Czas ucieka, wieczność czeka.
Pewne powtarzające się w naszym życiu cyklicznie czynności uświadamiają nam prawdę o tym, że czas biegnie bardzo szybko. Przy pewnych zajęciach zupełnie tego nie zauważamy, ale są takie czynności, które mocno zwracają na to naszą uwagę.
Dla mnie taką czynnością jest na pewno pisanie ogłoszeń duszpasterskich. Zaczynam je pisać już w poniedziałek i przez kolejne dni coś poprawiam lub dopisuję, ale kiedy przychodzi sobota i trzeba drukować wersję ostateczną, myślę sobie, że przecież niedawno drukowałem. A tu już minął tydzień.

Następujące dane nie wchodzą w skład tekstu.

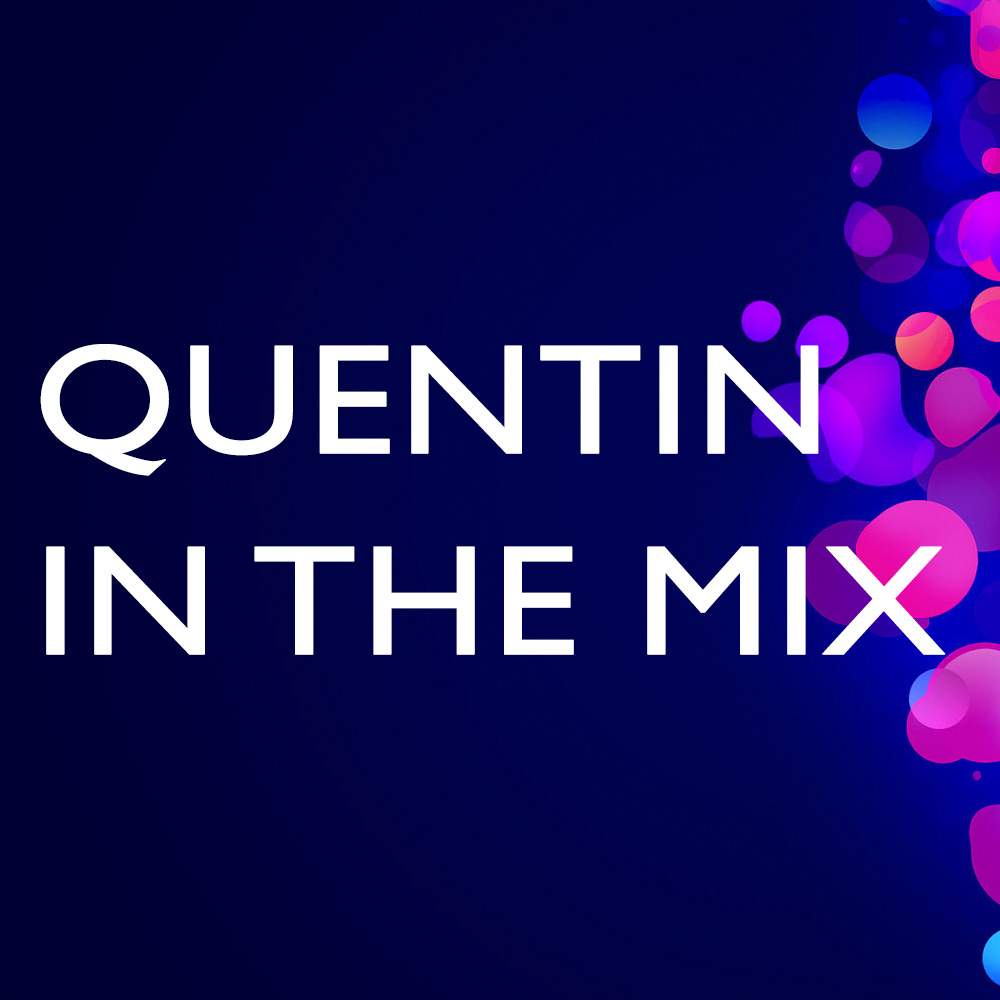 Emission podcast Quentin - Quentin in the mix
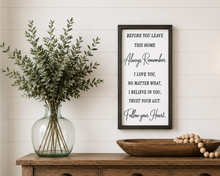 Load image into Gallery viewer, Rustic farmhouse inspirational wall sign with a black frame and customizable black or white background, featuring the "Always Remember" family message. Perfect for an entryway, hallway, mudroom, or living room.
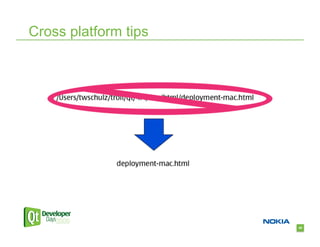 Cross platform tips




                      40
 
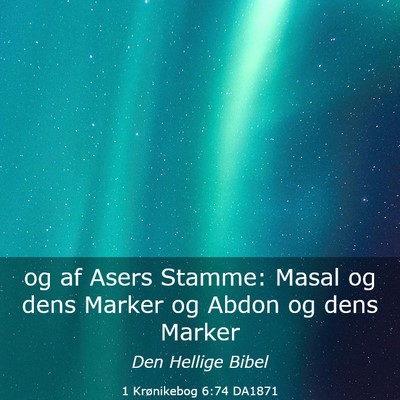Picture 03 - 1 Krønikebog 6:74 DA1871 - og af Asers Stamme: Masal og dens Marker og Abdon - Bible Verse Picture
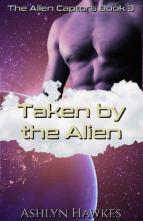 Taken By the Alien by Ashlyn Hawkes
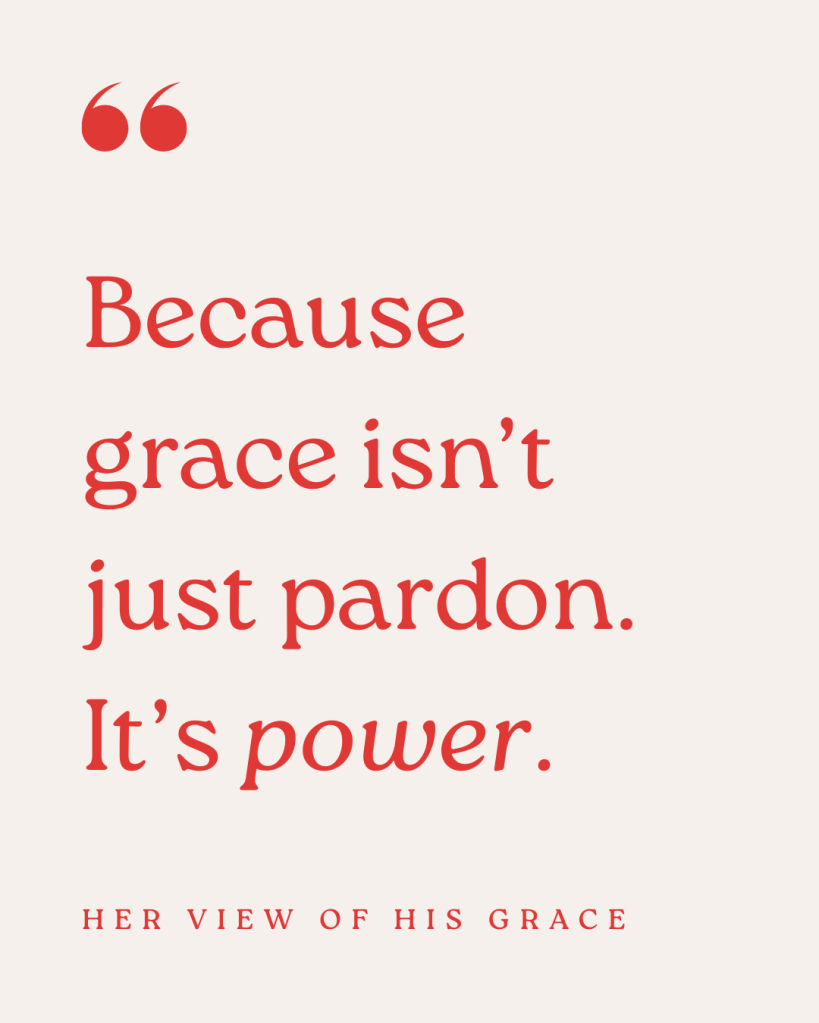 Because grace isn’t just pardon. It’s power.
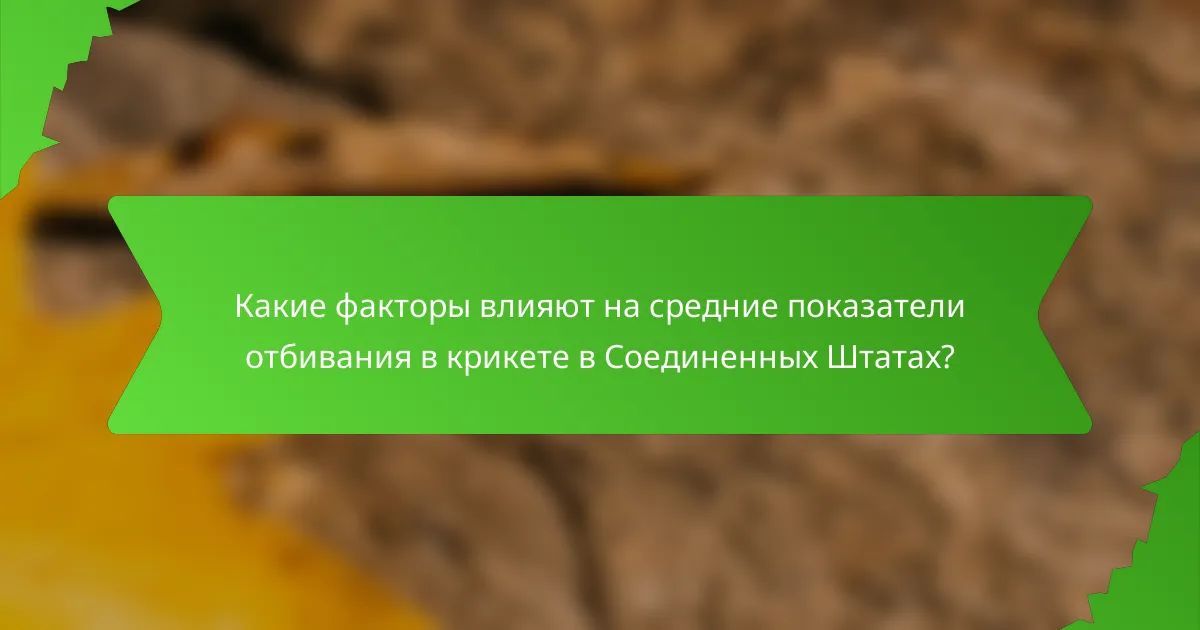 Какие факторы влияют на средние показатели отбивания в крикете в Соединенных Штатах?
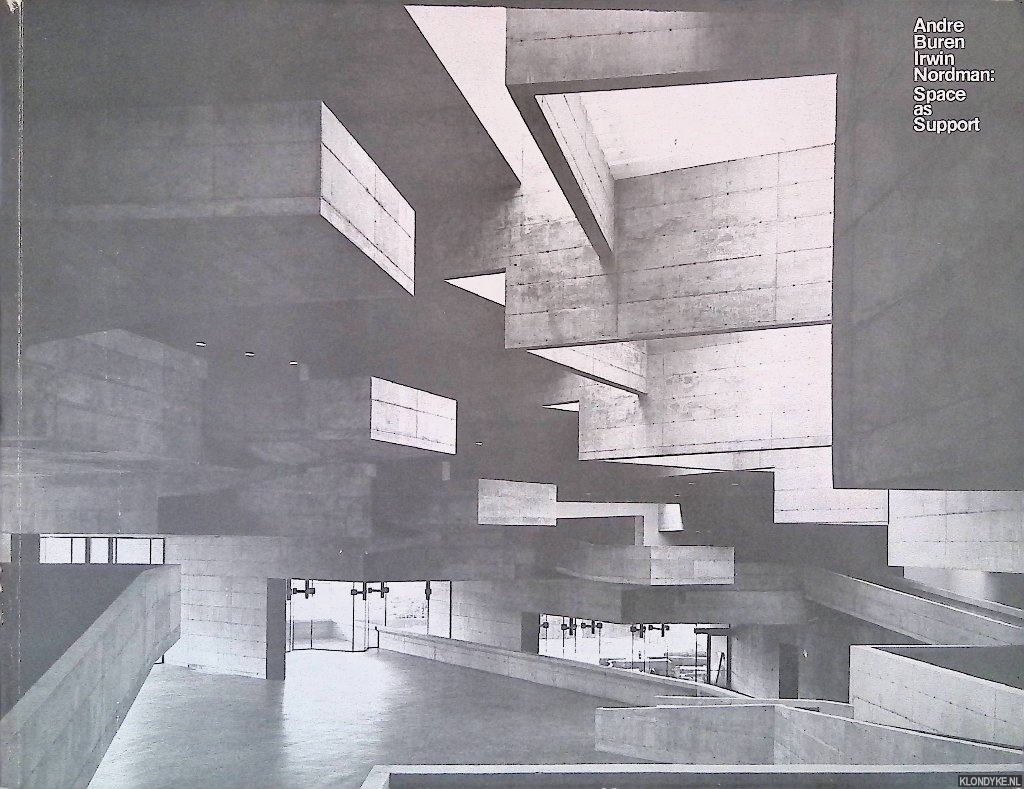 Rosenthal, Mark & Germano Celant - Andre Buren, Irwin Nordman: Space as Support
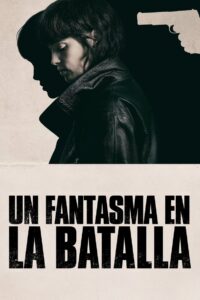 She Walks in Darkness (Un fantasma en la batalla) (2025) เธอเดินไปในเงามืด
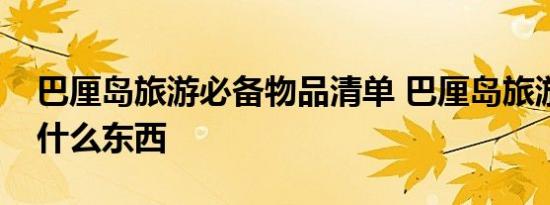 巴厘岛旅游必备物品清单 巴厘岛旅游要准备什么东西 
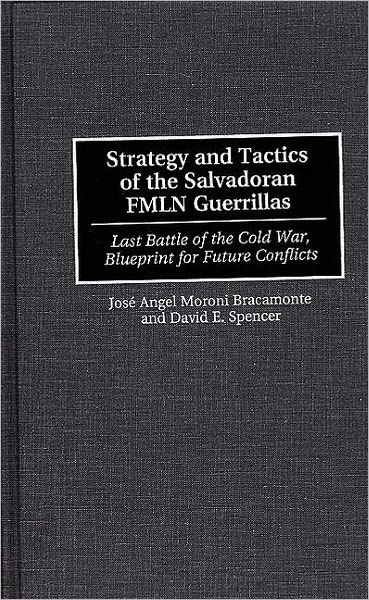 Strategy And Tactics Of The Salvadoran Fmln Guerrillas
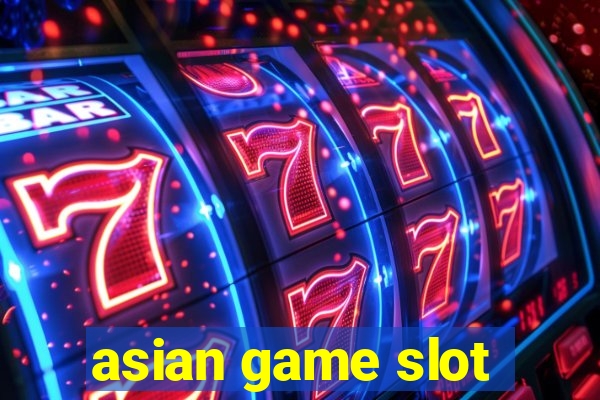 asian game slot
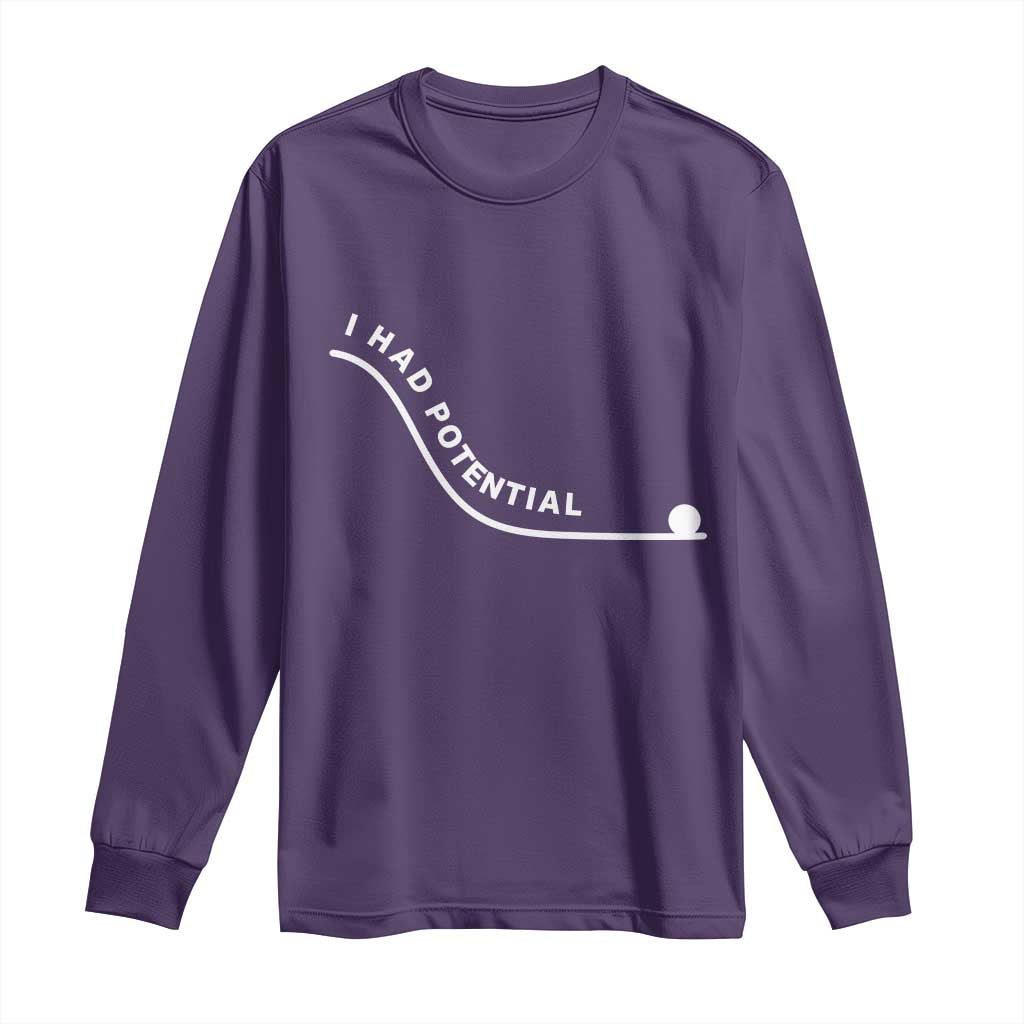 I Had Potential Long Sleeve Shirt Funny Sci-Fi Book Lover TS14 Purple Print Your Wear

O tym, jak szybko mija czas przypominały mi też komentarze, które co tydzień – przez ostatnie trzy lata – pisałem i wysyłałem do jednej z podkarpackich gazet. Każdego tygodnia ten sam nieprzekraczalny termin: wtorek godzina 11.00. Przez trzy lata ani razu nie zapomniałem, a raz jeden wysłałem o 11.10. Takie pisanie uczy samodyscypliny.
Przedwczoraj podziękowałem za współpracę. Przez trzy lata skomentowałem cały niedzielny cykl Ewangelii – rok A, B i C. Zakończyłem ten rozdział, choć przyznaję, że będzie mi brakowało tego pisania.
Rezygnacja z takich czy innych zobowiązań nie sprawi oczywiście, że czas się zatrzyma. Teraz pewnie inne rzeczy będą mi uświadamiały to, że czas ucieka, wieczność czeka.